Lee's admission triggered an immediate furor in the Legislative Yuan, with TSU and DPP lawmakers defending him and the pan-blue camp attacking him.

Pan-green lawmakers said Lee's Communist Party association was due to his love for Taiwan while PFP and KMT lawmakers accused him of adopting a double standard.

KMT Legislator Cheng Feng-shih (鄭逢時) said it was contradictory for Lee, as a former Communist Party member, to blame the pan-blue camp for attempting to sell out Taiwan by colluding with China.

In his books, Lee has said that he is from the era when the theories of Karl Marx and Vladimir Lenin were fashionable and Marx's Das Kapital was popular among college students.

According to Lee, young Taiwan-ese embraced communism in the late 1940s because they detested the KMT's alien rule.

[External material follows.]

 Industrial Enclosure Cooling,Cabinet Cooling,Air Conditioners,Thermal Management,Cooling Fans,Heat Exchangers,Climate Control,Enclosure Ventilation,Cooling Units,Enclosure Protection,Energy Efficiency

The loathing of the KMT intensified, Lee said, after the 228 Incident.

He said he joined the KMT in 1971 because "the safest place is the most dangerous place."

Lee acknowledged yesterday that he had met with Wu earlier this year, but denied most of Wu's comments about the meeting.

The Taiwan-born Wu moved to China in 1949 when he was 24-years old. He was already a Communist Party member.

He had not seen Lee in 55 years, until the two men met this year, reportedly at the former president's home in Taipei.

Wu said that Lee's manners and the way he talked were still the same, but his way of thinking had changed tremendously.

Wu said that he was surprised by Lee's fondness for Japan and the US, given Lee's Communist Party membership.

"As his old friend, I had to tell him he would lead himself into a risky direction," Wu said.

In his interview, Lee was dismissive of his old friend. He said Wu was simply trying to promote himself by talking about Lee.

He also hinted that that Wu's political leanings might not be so strong, saying "the ideals held by communists no longer exist."

Lee said the main reason Wu returned to Taiwan was to claim compensation for his father, who was a victim of the KMT's White Terror era.